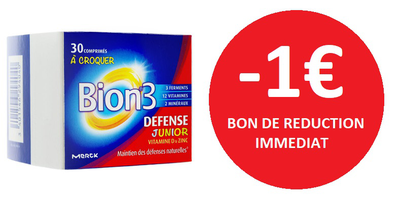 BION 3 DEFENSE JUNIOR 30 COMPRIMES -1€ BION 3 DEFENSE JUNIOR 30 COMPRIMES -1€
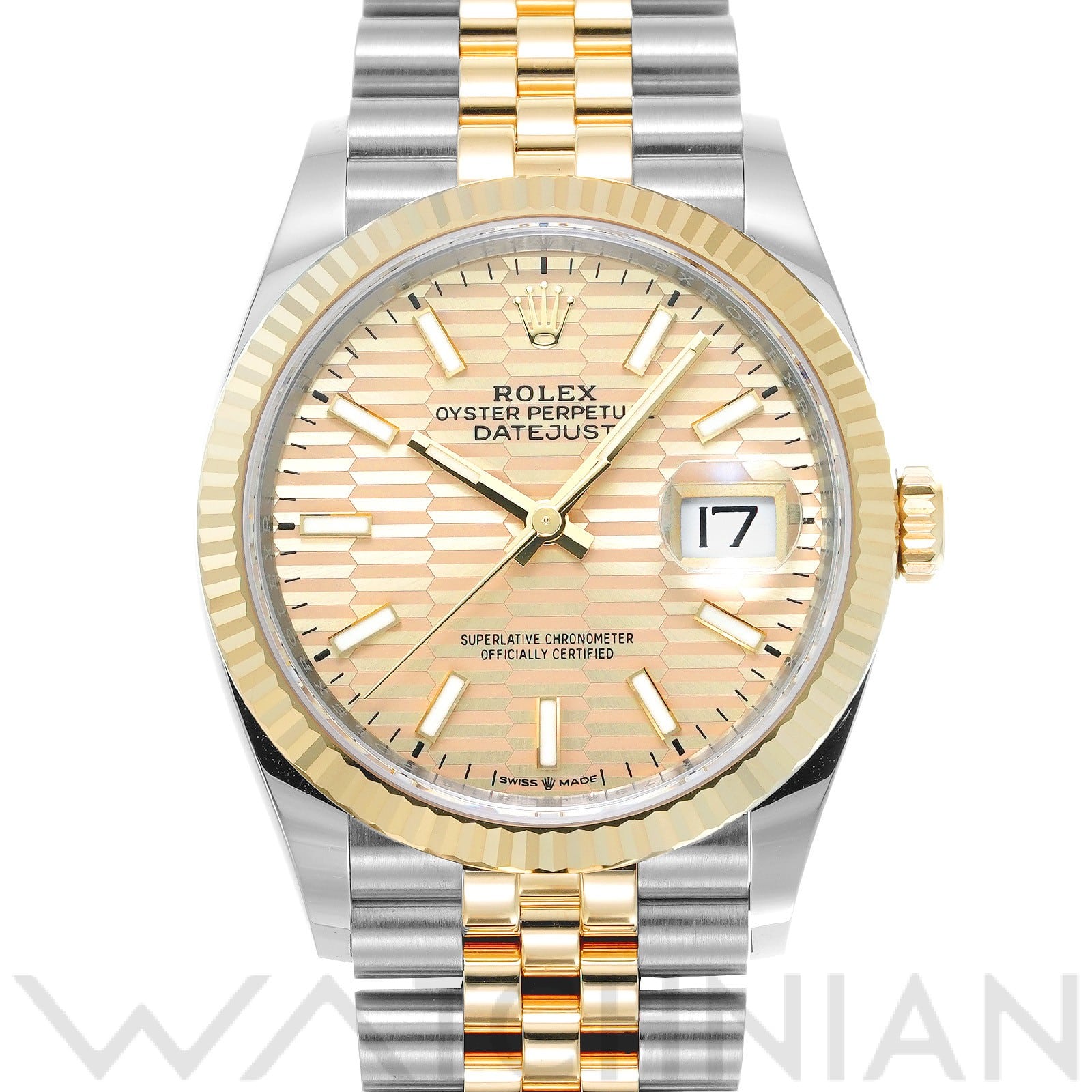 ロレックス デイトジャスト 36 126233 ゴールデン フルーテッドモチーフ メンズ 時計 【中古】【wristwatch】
※ ※ ※
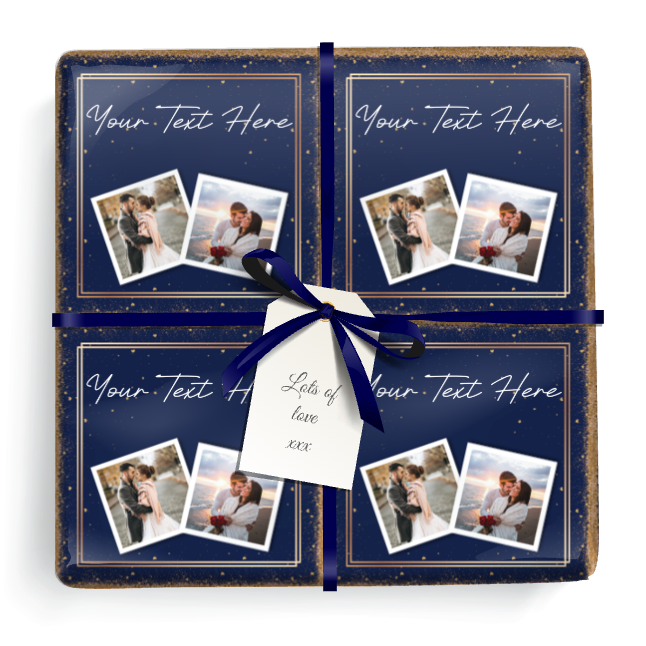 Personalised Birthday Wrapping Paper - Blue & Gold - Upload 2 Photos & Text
※ ※ ※
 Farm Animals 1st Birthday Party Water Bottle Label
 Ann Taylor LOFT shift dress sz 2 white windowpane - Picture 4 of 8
※ ※ ※
▶ **Task instructions**: Within the listing above, print exactly the stretch beginning at the line that contains "BION 3 DEFENSE JUNIOR 30 COMPRIMES -1€ BION" and finishing at the line that contains "ロレックス デイトジャスト 36", ends kept, pictures left out, and nothing more.

▶ **Completed exercise**:
 BION 3 DEFENSE JUNIOR 30 COMPRIMES -1€ BION 3 DEFENSE JUNIOR 30 COMPRIMES -1€
 ロレックス デイトジャスト 36 126233 ゴールデン フルーテッドモチーフ メンズ 時計 【中古】【wristwatch】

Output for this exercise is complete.